Note: This was written during a particularly unpleasant stay at a Studio 6 motel in Toronto, Ontario in 2009. It’s a simple rant, until you think of it from a business strategy point of view, and also consider that how one positions one’s business in the marketplace is important. It’s important because you can set up a business that attracts clientele that is “high cost” and low value, that can make it increasingly difficult to grow the business, or meet customer needs.

I’m sitting in a Studio 6 motel room, with almost know sleep after dealing with a group of young people partying across the hall, and IN THE HALL 2 feet from my room. I’ve had a similar problem in another stay at the chain. Calls to the front desk at 1am and 3am were not all that successful as it was apparent that the person really couldn’t do much to address the problem. The police have more serious things to tend to on a Saturday night.

So what does this have to do with small business?

Why did this happen? Why did I run in to this twice. And as a sidelight, I was told the police were called on another matter in addition to this?

I think I know. Studio 6 is a very low cost outfit (it’s the same folks as Motel 6). Pretty much the only reason one would stay here is that it’s cheap, clean, and you can sleep here. But there’s a catch. By having a rate about 50% lower than an average motel room, who does it attract?
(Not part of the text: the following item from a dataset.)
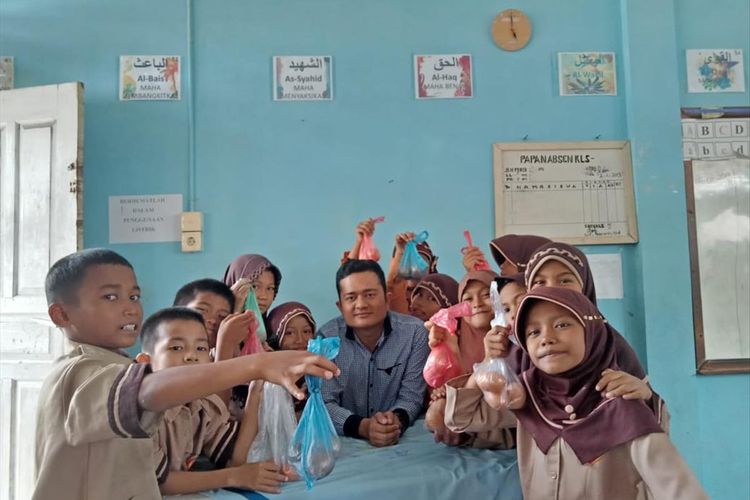Siswa SD 18 Kampung Lapai, Padang menyumbangkan telur dalam rangka Idul Adha 2019, Jumat (9/8/2019)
I’m thinking back to my youth, and we probably would have killed for a place to party for a whole night for $60. Have 30 people kick in 2 bucks and you have a night of fun, drinking, and all that jazz. No parents, no supervision. Get someone who is old enough to do the check in and you can run underage drinkers in and out all night.

So, the point is that while offering lodgings to families and business people are really low rates, they also attract the very people who will chase away those very people.
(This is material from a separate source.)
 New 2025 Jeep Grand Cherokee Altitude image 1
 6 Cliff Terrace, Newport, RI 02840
While the staff obviously tried their best, it took at least five hours (between 11pm and 4 am) to get anything resolved. A good example of how a lack of forethought about customers can interfere with a business.

Another Example:

Openx is a company that offers a free open source piece of software for serving ads. It leads the market for many reasons. But here’s the catch. Because it’s free (company income comes from ad sources), it’s virtually impossible to offer any support to the users who are paying nothing, and not coincidentally don’t usually know what they are doing. OpenX has attracted customers who expect service but openX does not use resources to hire the ten or twenty support people they would need to handle this load. It’s not the sheer numbers. It’s the nature of non-paying consumers. It costs nothing to use the program so there is no expertise barrier for people to use it, and then expect help.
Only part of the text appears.